Being Michael Burnham The Captain’s Log
Sonequa Martin-Green talks about what it is like being the captain this season, but she talks more about her life and the struggles she was going through during the filming of season 4. Both of her parents tragically passed away during the shoot, and she had to kind of postpone grieving until after filming to get through filming season 4.
Creating Space – Best of the bunch
This was a fascinating look at the behind-the-scenes of season 4 and virtual filmmaking with a “Volume” set. This is the first season Star Trek Discovery is using Unreal Engine along with a Volume (much like how The Mandalorian and other Disney Star Wars shows are being shot). They fittingly dub their Volume used for Star Trek Discovery as The Holodeck.
Star Trek Discovery the Voyage of Season 4
This has your cast and crew talking about their experiences with season 4. This is easily the longest of the special features. It has some interesting insights. Anthony Rap talks about some of his favorite Star Trek episodes, and his tastes are surprisingly good! This feature also has Sonequa Martin-Green and Stacy Abrams fangirling over each other a bit.
The Toll It Took.
This is a look into what it was like while shooting during COVID-19. They talk about the physical and emotional challenges of working under the guides, testing, and isolation when not on set. A highlight was a zoom Dungeon and Dragons game during off time from the shoot.
A very short gag reel from the season – not as funny as I would have hoped.

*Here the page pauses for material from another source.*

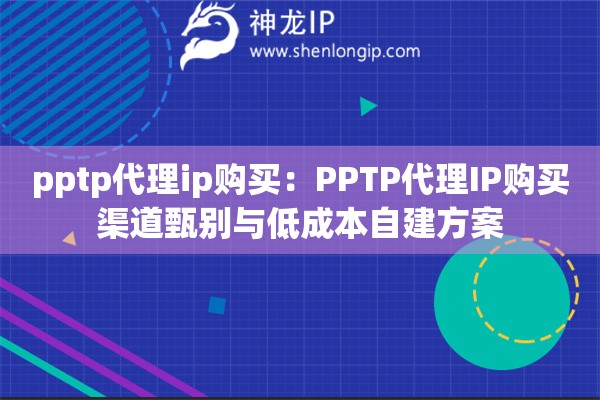 pptp代理ip购买：PPTP代理IP购买渠道甄别与低成本自建方案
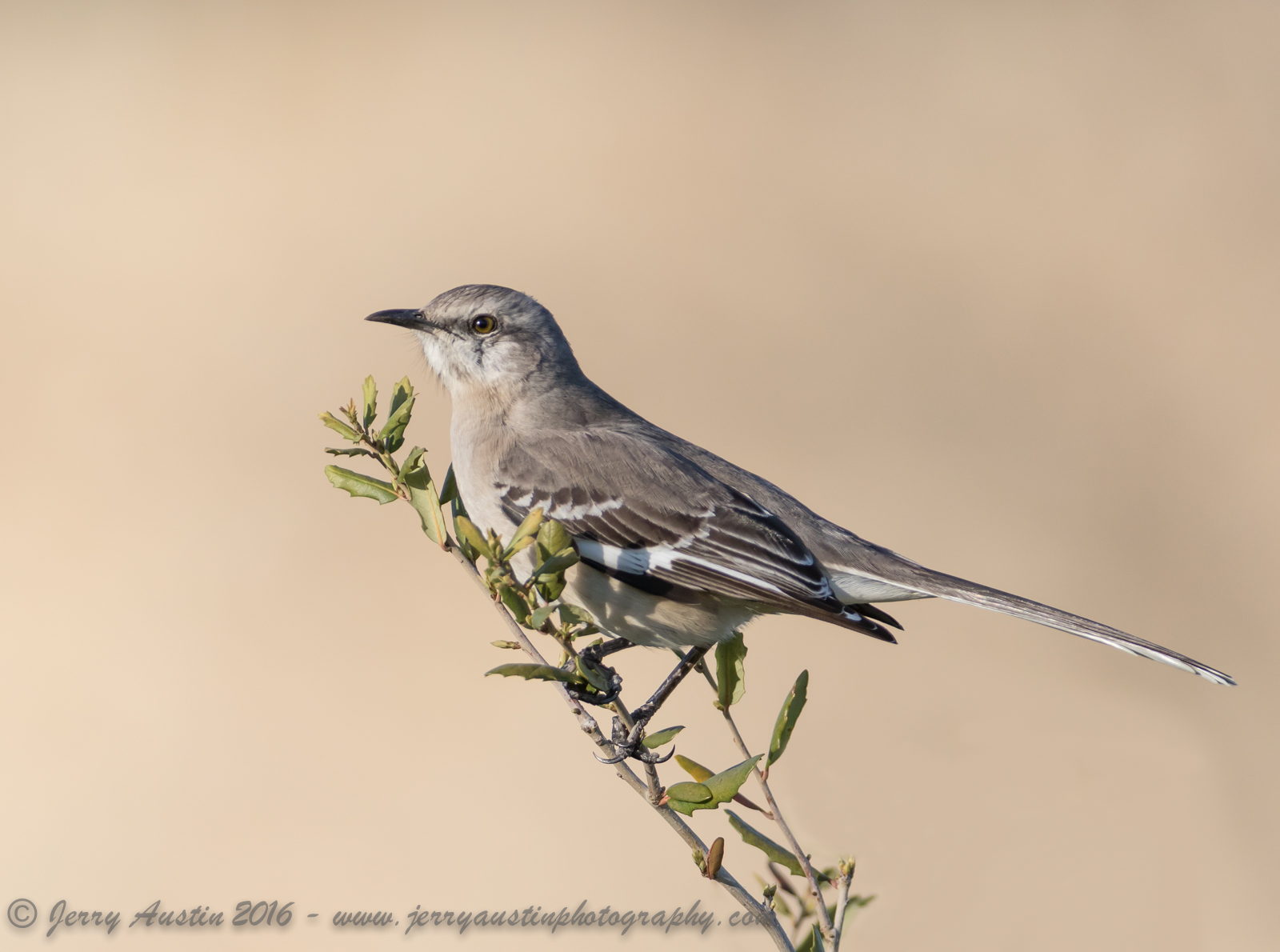 Texas State Bird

All in all, decent special features. There was nothing too groundbreaking for me.
Codec: MPEG-4 AVC
Aspect ratio: 2.39:1
Original aspect ratio: 2.00:1
English: DTS-HD Master Audio 5.1 (48kHz, 24-bit)
French: Dolby Digital 5.1 (448 kbps)
German: Dolby Digital 5.1
Spanish: Dolby Digital 5.1
Italian: Dolby Digital 5.1
Japanese: Dolby Digital 5.1
English SDH, French, German, Italian, Japanese, Spanish, Danish, Dutch, Finnish, Norwegian (more)
Four-disc set (4 BD-50)
2K Blu-ray: Region A, B
Guest critic David Duncan is the host of the Synthoholics Podcast and a life-long Star trek fan with an encyclopedic knowledge of the franchise.
Star Trek Discovery Season 4 is probably the worst season of Star Trek Discovery. Each season somehow finds a way to be worse than the one that came before it. Whereas most Star Trek shows of the past hit their stride starting in season 4, Discovery continues to be uninspired.